David Bowen, fondatore della Bowen Craggs & Co., focalizza invece l’attenzione sul sito Web corporate. Eni nella fattispecie è il sito numero due al mondo nella speciale classifica del gruppo di consulenza, ma con la nuova versione in arrivo (piccola anticipazione offerta dallo stesso Bardazzi) si punta chiaramente alla vetta. Secondo Bowen il sito Web è troppo spesso sottovalutato, ignorando quanto può invece essere importante nel comunicare cosa è e cosa fa l’azienda.
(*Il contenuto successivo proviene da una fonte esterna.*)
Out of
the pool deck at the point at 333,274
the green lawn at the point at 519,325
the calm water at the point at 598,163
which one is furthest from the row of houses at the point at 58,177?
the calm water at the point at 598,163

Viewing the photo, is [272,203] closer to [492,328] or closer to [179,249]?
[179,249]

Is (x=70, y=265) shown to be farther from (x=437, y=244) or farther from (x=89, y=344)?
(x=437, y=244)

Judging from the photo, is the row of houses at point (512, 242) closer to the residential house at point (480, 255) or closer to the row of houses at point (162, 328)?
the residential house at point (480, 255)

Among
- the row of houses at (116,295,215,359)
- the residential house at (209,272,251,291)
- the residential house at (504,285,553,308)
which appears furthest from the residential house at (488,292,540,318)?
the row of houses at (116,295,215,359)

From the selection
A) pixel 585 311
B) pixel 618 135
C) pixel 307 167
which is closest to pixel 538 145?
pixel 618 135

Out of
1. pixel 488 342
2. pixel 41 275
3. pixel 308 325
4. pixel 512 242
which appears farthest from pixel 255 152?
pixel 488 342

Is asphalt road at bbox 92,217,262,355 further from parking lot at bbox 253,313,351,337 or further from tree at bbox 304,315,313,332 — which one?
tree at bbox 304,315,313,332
Il sito corporate è il primo luogo nel quale si cercano informazioni, si approccia una relazione, si cerca assistenza, si cerca il prodotto, si approfondiscono temi finanziari e molto altro ancora. Per questo deve pertanto essere:

  • Utile, per fornire le risposte cercate;
  • Informativo, affinché l’affidabilità riconosciuta eviti che i messaggi passino prima per pagine incontrollate come Wikipedia che non per un canale ufficiale;
  • Brand-building, affinché sia il volto su cui costruire la propria credibilità;
  • Coinvolgente, in grado di catturare l’attenzione

La cura dei dettagli, la creatività, la focalizzazione degli obiettivi di comunicazione e una forte governance di fondo sono elementi complementari che consentono la gestione duratura ed efficace del sito. In tal senso, il consiglio di David Bowen è quello di essere prudenti nella forma (osare troppo potrebbe farsi ostacolo, allontanando il lettore che richiede facili fruizioni) e radicali nei contenuti (l’azienda deve aprirsi, sbilanciarsi, appoggiarsi alla community e farsi appoggio per la stessa: deve contaminarsi e lasciarsi contaminare, pena la mancanza di contatto e di commistione con chi si presta al dialogo).
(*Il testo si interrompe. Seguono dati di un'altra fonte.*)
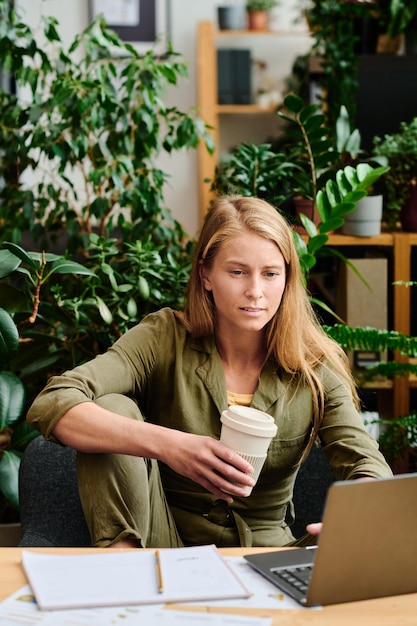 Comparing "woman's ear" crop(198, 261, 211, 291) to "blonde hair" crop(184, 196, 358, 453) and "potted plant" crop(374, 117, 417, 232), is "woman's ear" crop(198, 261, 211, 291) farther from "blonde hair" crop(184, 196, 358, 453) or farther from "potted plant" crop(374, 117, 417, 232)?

Shane Snow porta sul palcoscenico della Triennale l’esperienza di Contently sgombrando fin da subito il campo da ogni dubbio: «chi racconta le storie controlla il mondo». Questo per un motivo meno superficiale di quanto potrebbe apparire: raccontare ai creduloni è infatti roba antica, non più applicabile e scarsamente praticabile (soprattutto nel mondo online, fatto di commenti e di feedback incrociati); raccontare e raccontarsi è il modo più semplice ed efficace per creare empatia, stabilire una relazione, stimolare coinvolgimento. Forma e contenuto devono però essere all’insegna della qualità assoluta, poiché è la qualità a stabilire l’intensità di un messaggio: solo le buone storie sortiscono effetti. Ma nel discorso di Shane Snow si chiude il cerchio dell’intero dibattito: per creare un’aura di fiducia attorno a sé, l’azienda che si affida allo storytelling deve imparare ad affrontare la community mettendo in piazza la realtà e confermando giorno dopo giorno la propria affidabilità.

Questo vuol dire fare storytelling: ispirarsi alla verità e improntare tutto il proprio messaggio su un approccio sincero e trasparente. Solo così la community può credere nell’azienda. Ma non si tratta di un valore che si possa creare nel giro di pochi giorni: la fiducia è un asset che si conquista solo nel lungo periodo, attraverso conferme e incroci di sguardi.

Questo è Eniday: l’inizio di un percorso, una inversione di rotta, la volontà di costruire un rapporto. Eniday è una mano tesa, una porta aperta. Una bella storia, piena di energia, pronta per essere raccontata.